"The speed of light is created by our minds?" Then why do machines perceive it? Why do we notice no changes in it between minds? Why does all of our simple Physics work (e.g. refraction) assuming a fixed speed?
Just because you want it to be true doesn't make it true.
1. There's a bit where he puts a quote from Descartes next to a quote from himself.
2. "You might think you are cosmic. But I hope to convince you you are not cosmic, you are Earthlike. And it's all because of a hypothesis I had..."
3. And the inevitable "conclusions" slide where it turns out that his hypothesis solves (in some way which can't be explained in a twelve-minute talk) all the major problems of physics today (dark matter, grand unification etc)
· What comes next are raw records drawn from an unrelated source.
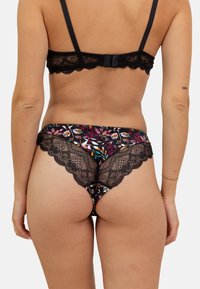 String noir en dentelle avec un motif floral coloré. Dispose de bords en dentelle festonnés et d'un tissu doux pour le confort. Bretelles ajustables.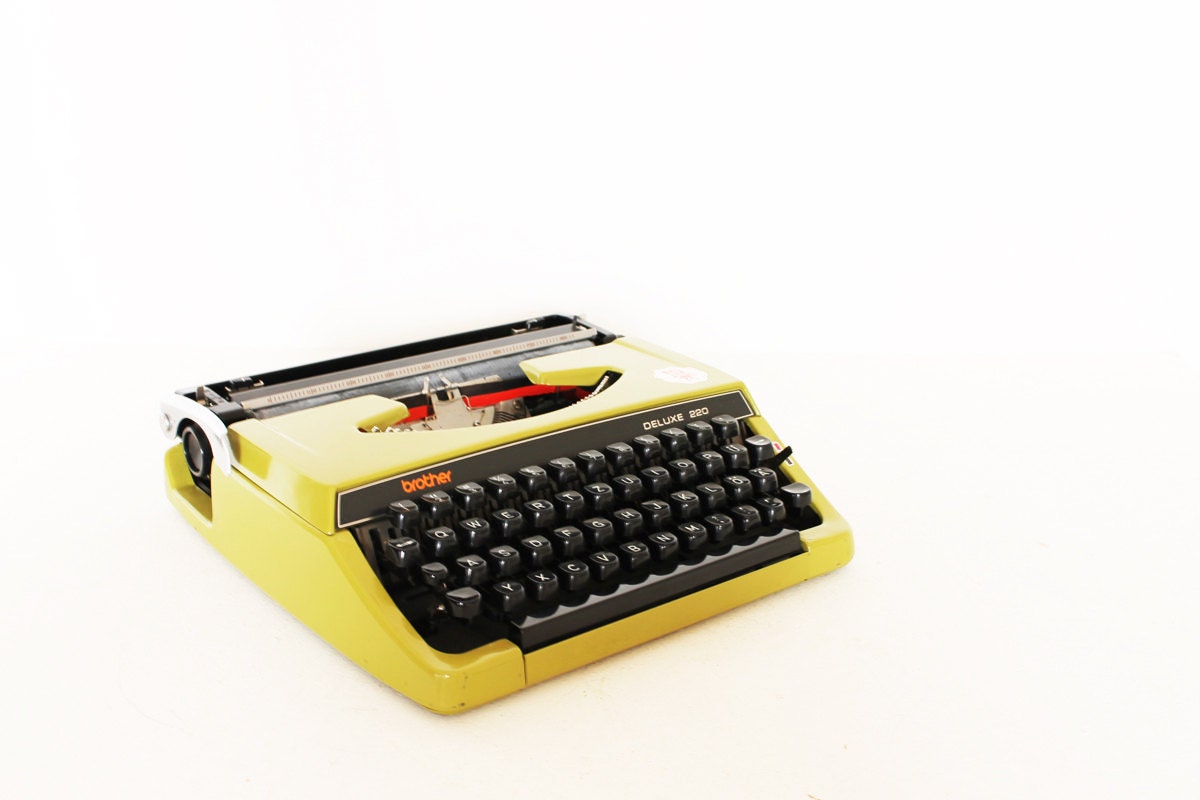 Vintage manual green deluxe typewriter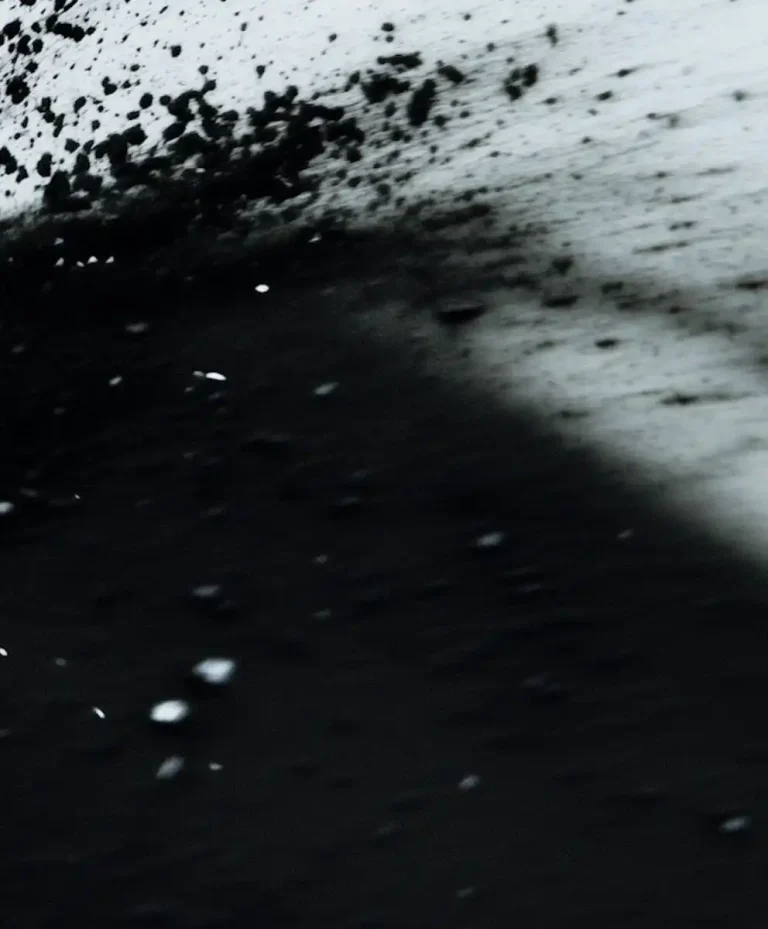 Abstract black-and-white material surface expressing material intelligence evolution, from static textures to active systems in AW27/28 fashion trend forecasting.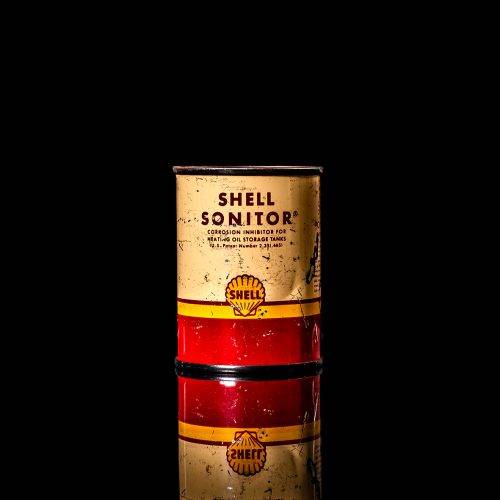 Vintage Shell oil cans with red and yellow branding from the 1900-1920 old logo Vintage Shell oil cans from 1900-19255, featuring the old logo. The photo showcases an antique tin red with yellow accents, displaying the historic Shell emblem. Shot in a studio against a solid black background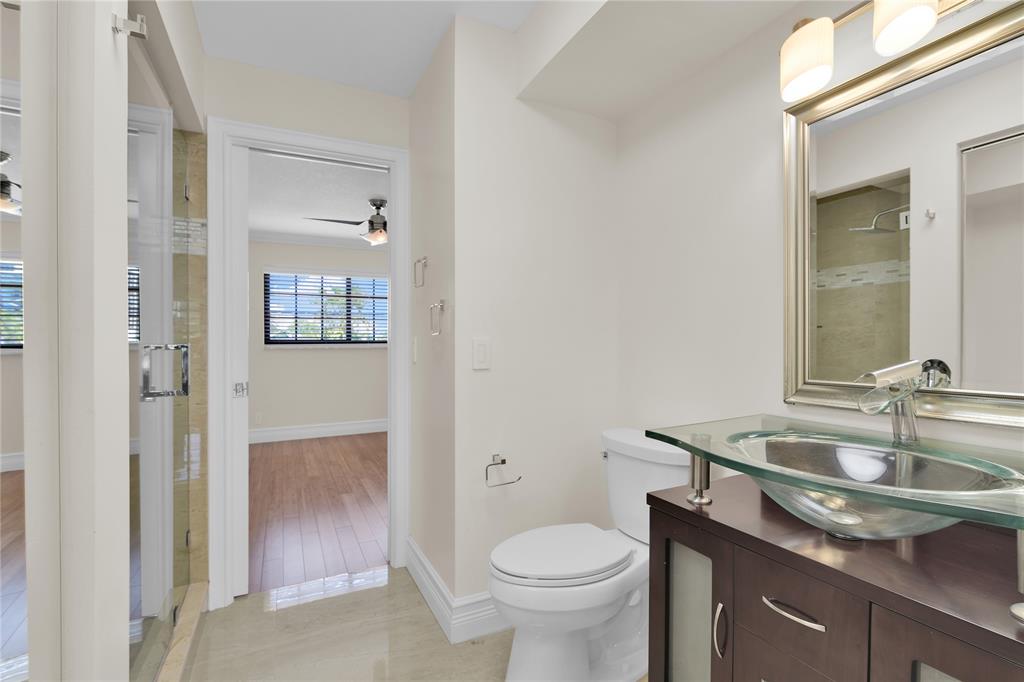 250 East Royal Palm Road, Unit 2A Boca Raton, FL 33432 - Photo 14 of 26 a bathroom with a sink toilet and shower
So, Dr Ockels, I'm sticking you in the "provisional crackpot" bin, but if you'd like to explain your theories more carefully, on paper, and with a bunch more equations, I'll have a look at 'em.
However, I don't think he really explains a great deal. Much of his talk builds up upon itself, without ever seriously trying to back the claims.
Some have even questioned whether even the individual self perceives, and the very existence of a self and of minds, etc.
You don't have to be a crackpot to entertain such ideas. You just have to be interested in philosophy (or religion, as the Hindus came up with the idea that the entire world is illusory... many thousands of years ago).
I agree, but you can't claim to be doing physics at the same time.
Just because a thing cannot be expressed succinctly as a tautological formula(F=ma, etc) on a chalk board does not mean it's bunk, non-science and therefore worth completely ignoring.
The guy was a friggin astronaut and is a professor of physics! How many people have been to space? Do you think you'll ever go to space in your life? Probably not.
It's wise to listen up when one of just a few hundred human beings who have been to space says "hey, I've spent my life thinking about this based on my direct experience of having gone into space, and I want to share it with you because maybe you'll find it useful, and it might not even be perfectly true."
We would of course then not invent instruments that keep track of time. Is it possible that our clocks don't keep track of time, but of our notion of time. Just wondering??
1. We create (physical) reality to some extent at least. By thinking time exists, we are able to create something which can track the progression of something which only exists in our thoughts.
2. Jungian collective unconscious: we all seem to have the same idea of time. The sun rises, then sets, it doesn't re-wind part way through the day, or simply appear in the middle of the sky.
2b. Unless, of course, this is all a / your dream.
Not to say that this is impossible (just try to disprove it), just convoluted and counter to most of what we (seem to) know.
If by "original" you mean, in response to Hume's earlier statements on the origins of the idea of time. :-)
http://seop.leeds.ac.uk/entries/kant-hume-causality/
http://en.wikisource.org/wiki/Treatise_of_Human_Nature/Book_...
Sure Ancient Hindu and Buddhist mystics had said this about time using the language of religion, but it was only a century after Kant's era that the holy texts of those religions were translated for Europeans. Before then few Westerners would have even heard of Buddhism. Schopenhauer was one of the first Western philosophers to have read the Upanishads and other Eastern religious texts, and then to also work Eastern ideas into the historical backdrop of Western philosophy.
It's true that the value of the speed of light depends on units that are relevant to humans. To suggest that this implies something about physics is absurd. Physics is in fact independent of the actual value of the speed of light.
The idea that the speed of light in vacuum is constant in all reference frames is a postulate of special relativity. Both special relativity and general relativity are confirmed by numerous experiments.
Edit: Note this is also a TEDx talk, not regular TED.
Try to not take life so seriously. The speaker is being philosophical, which will not change the physics we have already documented but could help us think outside the proverbial box.
There is no information in this talk.
Go outside, get some sun, smell some flowers. Not all life is hard math. Most of science isn't even hard math. By the time science involves hard math, we usually have an intuitive sense of what the answer will be and just have to verify it. It takes an immense amount of aimless philosophical wandering to arrive at a question which has a mathematical answer.
Back when he was an astronaut, when his shuttle landed and he stood up in gravity for the first time, he felt like he was on an elevator going up at 1g. I think it's neat because his brain had learned during the space flight that any acceleration means motion. Once he was back on Earth, his brain had to re-learn that the constant 1g we feel does not mean motion.
I think that has more implications for how our brain works and interprets stimuli than it does physics, but it's still neat.
Wow. Spoken like a true theoretical scientist. Of course they're right; time will show they're all right. Except those others who only thought they were right: they're morons.